Background and aims: Ulcerative colitis [UC] is a complex heterogeneous disease. This study aims to reveal the underlying molecular features of UC using genome-scale transcriptomes of patients with UC, and to develop and validate a novel stratification scheme.
Methods: A normalised compendium was created using colon tissue samples (455 patients with UC and 147 healthy controls [HCs]), covering genes from 10 microarray datasets. Upregulated differentially expressed genes [DEGs] were subjected to functional network analysis, wherein samples were grouped using unsupervised clustering. Additionally, the robustness of subclustering was further assessed by two RNA sequencing datasets [100 patients with UC and 16 HCs]. Finally, the Xgboost classifier was applied to the independent datasets to evaluate the efficacy of different biologics in patients with UC.
Results: Based on 267 upregulated DEGs of the transcript profiles, UC patients were classified into three subtypes [subtypes A-C] with distinct molecular and cellular signatures. Epithelial activation-related pathways were significantly enriched in subtype A [named epithelial proliferation], whereas subtype C was characterised as the immune activation subtype with prominent immune cells and proinflammatory signatures. Subtype B [named mixed] was modestly activated in all the signalling pathways. Notably, subtype A showed a stronger association with the superior response of biologics such as golimumab, infliximab, vedolizumab, and ustekinumab compared with subtype C.
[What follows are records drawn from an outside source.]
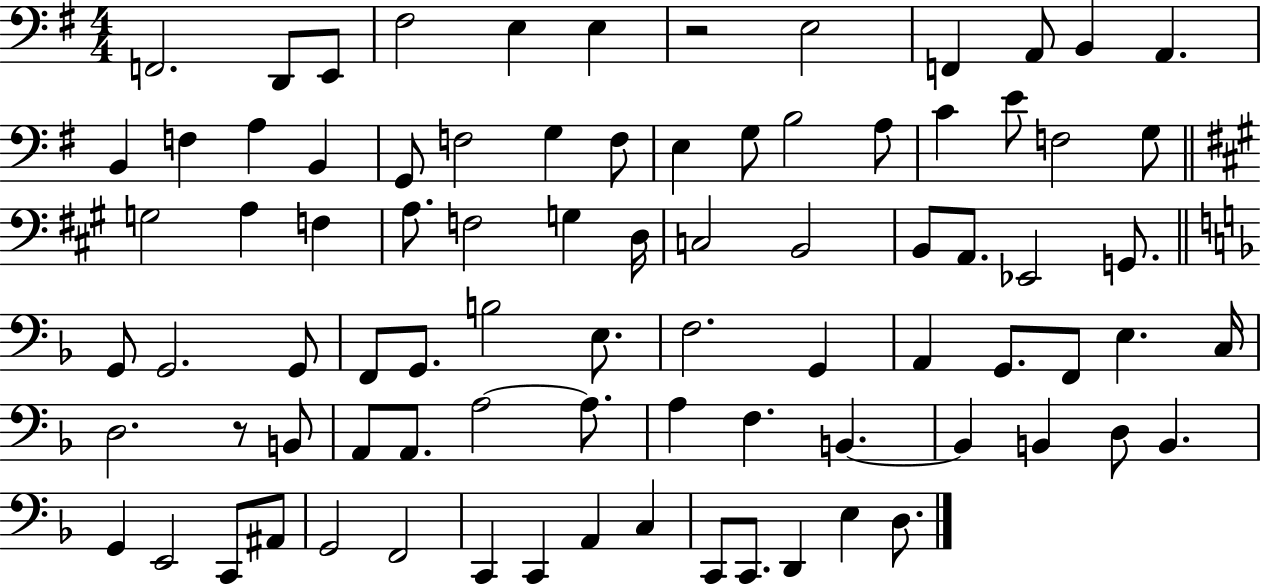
{
  \clef bass
  \numericTimeSignature
  \time 4/4
  \key g \major
  f,2. d,8 e,8 | fis2 e4 e4 | r2 e2 | f,4 a,8 b,4 a,4. | \break b,4 f4 a4 b,4 | g,8 f2 g4 f8 | e4 g8 b2 a8 | c'4 e'8 f2 g8 | \break \bar "||" \break \key a \major g2 a4 f4 | a8. f2 g4 d16 | c2 b,2 | b,8 a,8. ees,2 g,8. | \break \bar "||" \break \key f \major g,8 g,2. g,8 | f,8 g,8. b2 e8. | f2. g,4 | a,4 g,8. f,8 e4. c16 | \break d2. r8 b,8 | a,8 a,8. a2~~ a8. | a4 f4. b,4.~~ | b,4 b,4 d8 b,4. | \break g,4 e,2 c,8 ais,8 | g,2 f,2 | c,4 c,4 a,4 c4 | c,8 c,8. d,4 e4 d8. | \break \bar "|."
} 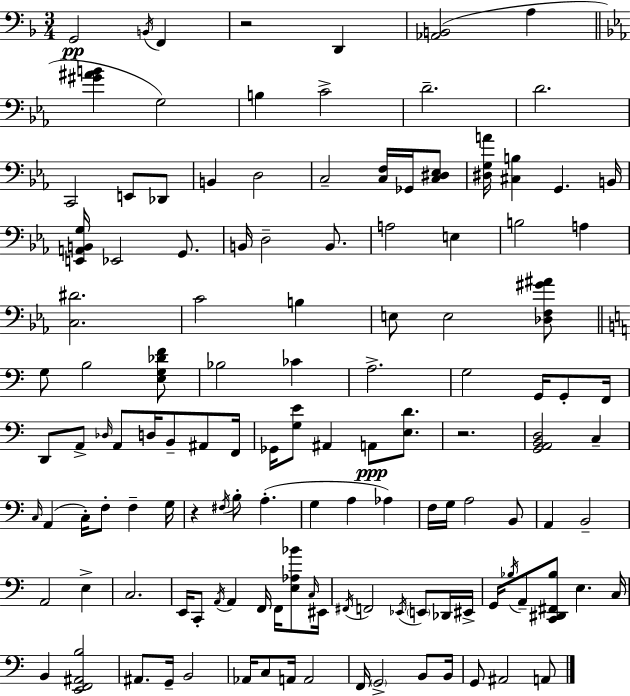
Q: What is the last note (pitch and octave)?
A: A2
Conclusions: We conducted a deep stratification of mucosal tissue using the most comprehensive microarray and RNA sequencing data, providing critical insights into pathophysiological features of UC, which could serve as a template for stratified treatment approaches.
Keywords: Machine learning; ulcerative colitis; unsupervised clustering.
© The Author(s) 2023. Published by Oxford University Press on behalf of European Crohn’s and Colitis Organisation.